Triple therapy used against subtype B HIV-1 effective against subtype C

Triple therapy, widely used in the United States and Europe to fight against one subtype of HIV-1 appear to be particularly effective in South African patients infected with other viral subtype and comorbidities such as tuberculosis or Kaposi's sarcoma, according to a study published in the "Journal of Infectious Diseases
Subtype C HIV-1 is common in South Africa and in developing countries where it spreads rapidly populations. It is also in these countries as tuberculosis and Kaposi's sarcoma are the main causes of morbidity and mortality due to AIDS.

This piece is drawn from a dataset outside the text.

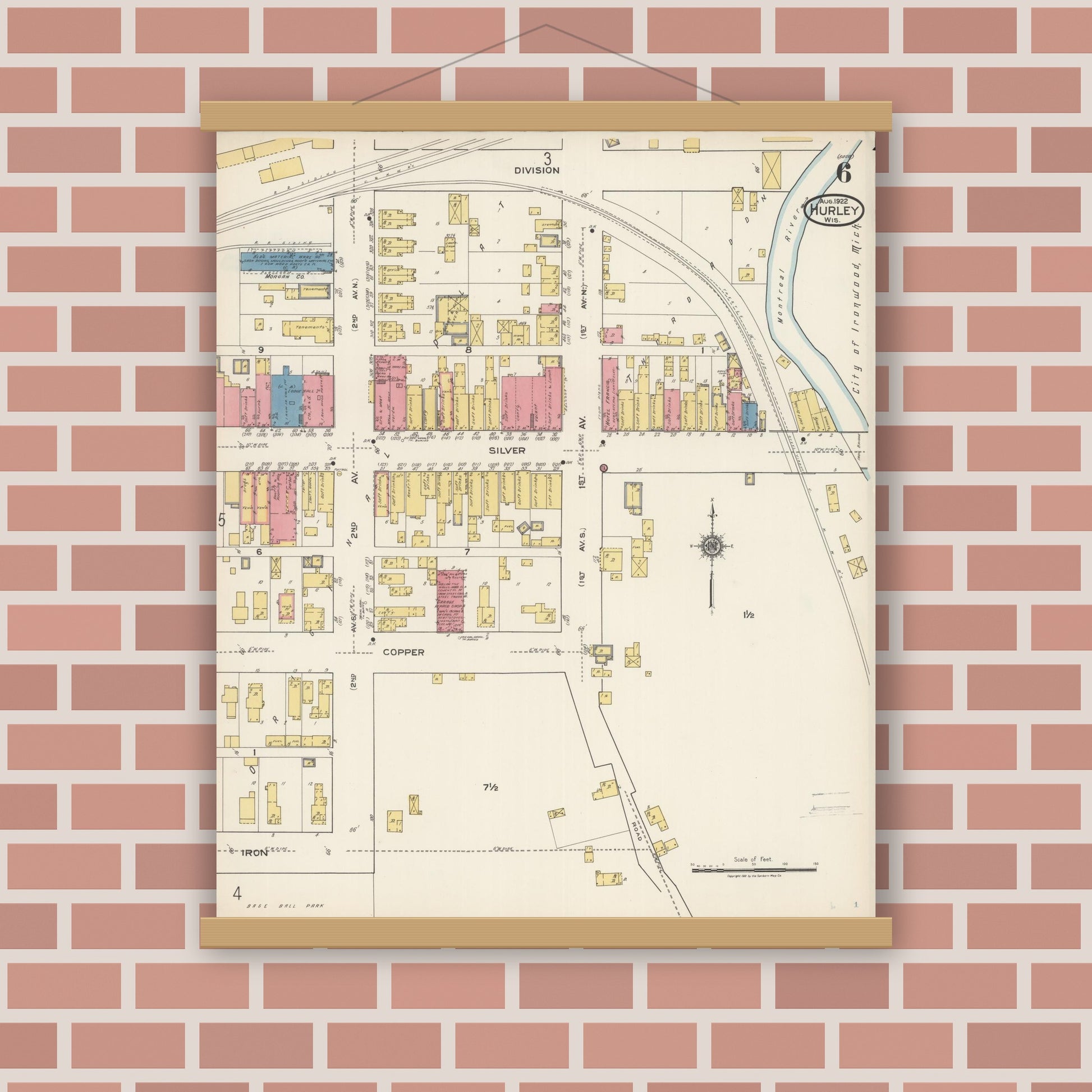 Old map wall art mockup — magnetic wood frame on brick wall — Sanborn Fire Insurance Map from Hurley, Iron County, Wisconsin (1922), Sheet #0006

In developed countries, where subtype B predominates, the advent of HAART has dramatically reduced morbidity and mortality associated with HIV. Edana Cassol in association with researchers in Durban (South Africa) and the United States, wanted to know if these drugs could be equally effective on subtype C.

In the study posted on the website of the medical journal, 49 patients infected with HIV-1 were followed by researchers. Nearly half (21) also suffered from tuberculosis and 28 others were suffering from Kaposi's sarcoma.

TB patients first received a standard anti-TB treatment and antiretroviral combination was proven in patients infected with the B strain of HIV-1. Patients with Kaposi's sarcoma have meanwhile been directly under the antiretroviral therapy, which has been added for some cancer chemotherapy.

Responses to HAART, as measured by plasma viral RNA levels and CD4 counts in peripheral blood, have been very positive.

After three months, 94% of TB patients and 80% of those with Kaposi's sarcoma had an undetectable blood viral RNA, a result still higher than that observed in the populations of developed countries affected by the sub- B, say the authors. The decline occurred from the 7th day of treatment and continued steadily until the virus is undetectable.

In both patient groups, the researchers observed a rapid increase in CD4 cell count and a slight decrease, followed by a second increase, reflecting also on what had been seen in the U.S. and European patients.

The authors conclude that the treatment of infections caused by subtype C HIV-1 therapeutic use against infections caused by subtype B is beneficial virological and immunological plans even in cases of opportunistic infection and low CD4.

In an editorial published in the same journal, Timothy P. Flanigan (Rhode Island) and Chennai (India) welcomed the results and the fact that they put an end to two ideas about the treatment of HIV infection in developing countries: one that results in developed countries are not reproducible in poor countries, and secondly that patients in developing countries are too affected by opportunistic diseases to benefit from therapeutic advances.

It will, however, that the results obtained by the team Edana Cassol be confirmed in the longer term before declaring victory, they said.